Tim Mackintosh-Smith
- Bristol, England
Biography
Tim Mackintosh-Smith is an Arabist, traveller, writer and lecturer. He studied at Oxford University and lives in San'a, the Yemeni capital.
He is one of the foremost scholars of 14th-century Moroccan traveller, Ibn Battutah, and in 2011 was named by Newsweek as one of the finest twelve travel writers of the last hundred years.
His first book was Yemen: Travels in Dictionary Land (1997), winner of the Thomas Cook/Daily Telegraph Travel Book Award in 1998. This was followed by a trilogy of books:Travels with a Tangerine (2001), retracing the journeys of Ibn Battutah from Tangier to Constantinople; The Hall of a Thousand Columns (2005), revisiting Ibn Battutah's Indian adventures; and Landfalls: On the Edge of Islam, about Battutah's journeys from Zanaibar to the Alhambra. He is also the editor of Battutah's own book,The Travels of Ibn Battutah (2002).

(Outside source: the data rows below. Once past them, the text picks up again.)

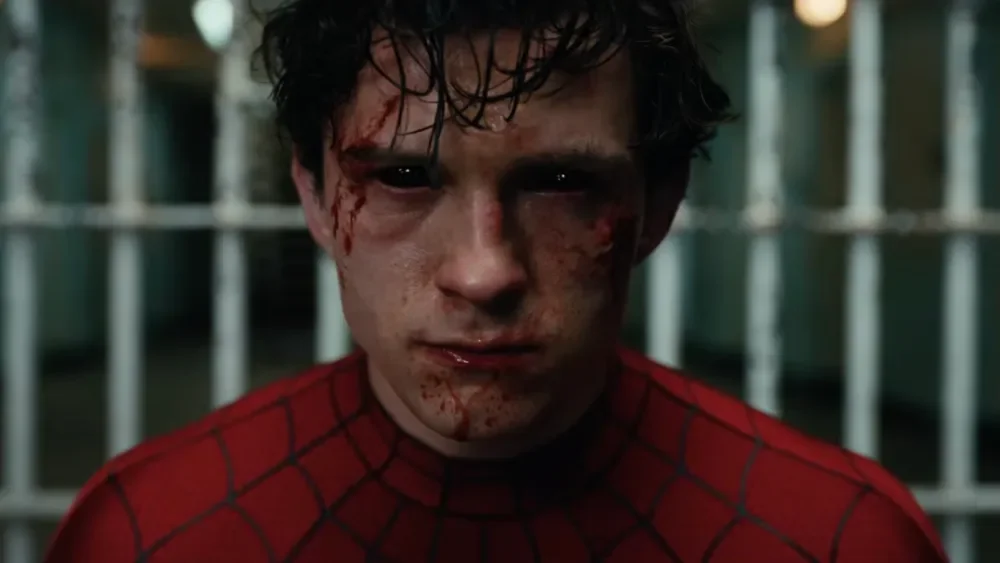Spider-Man: Brand New Day Trailer Teases Power Surge and a Hulk Showdown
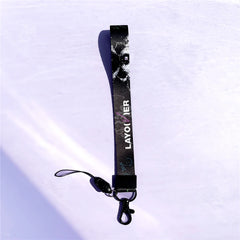 V Layover Luxe Lanyard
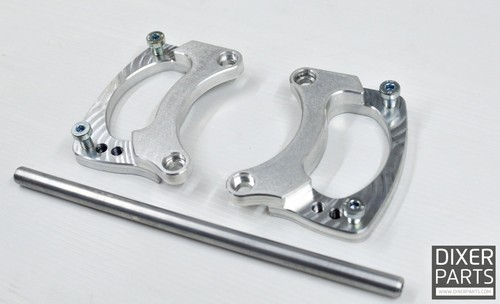 Regolazione set anteriori - ,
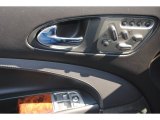 2008 Jaguar XK XK8 Convertible Controls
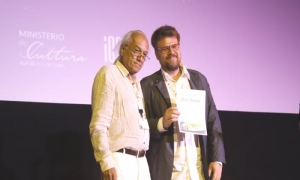 Clausura Festival de Cine 3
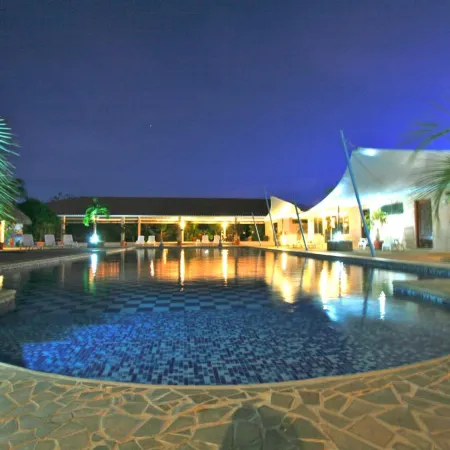 Punta Chame Club and Resort One Bedroom Home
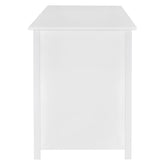 Dylan 4-drawer Lift Top Office Desk 801573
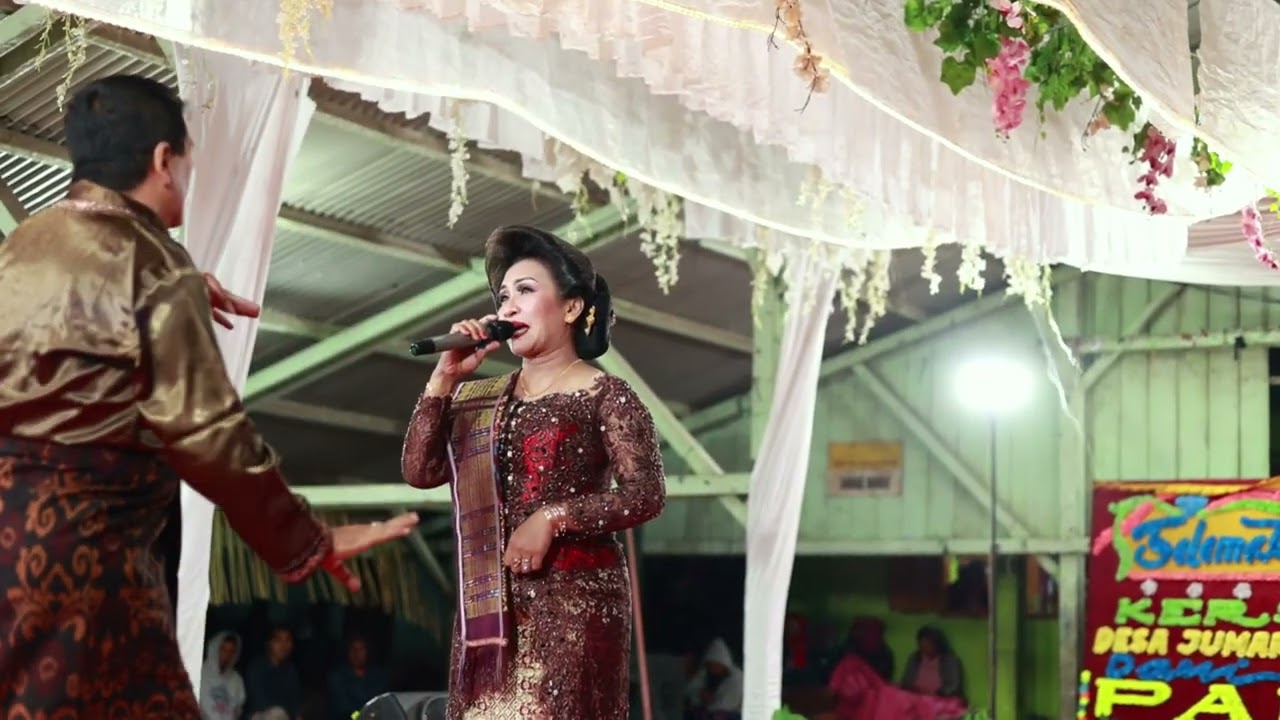 Kerja Tahun Jumaraj Kp.Baru 2025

He also made a BBC Television Series 'Travels with a Tangerine' and has been awarded The Oldie Travel Award (Best Travel Writer), 2010, and the Ibn Battutah Prize of Honour.
He is a Fellow of the Royal Asiatic Society of Great Britain and a former Honorary Research Fellow at the Centre for Middle Eastern and Islamic Studies at the University of Durham.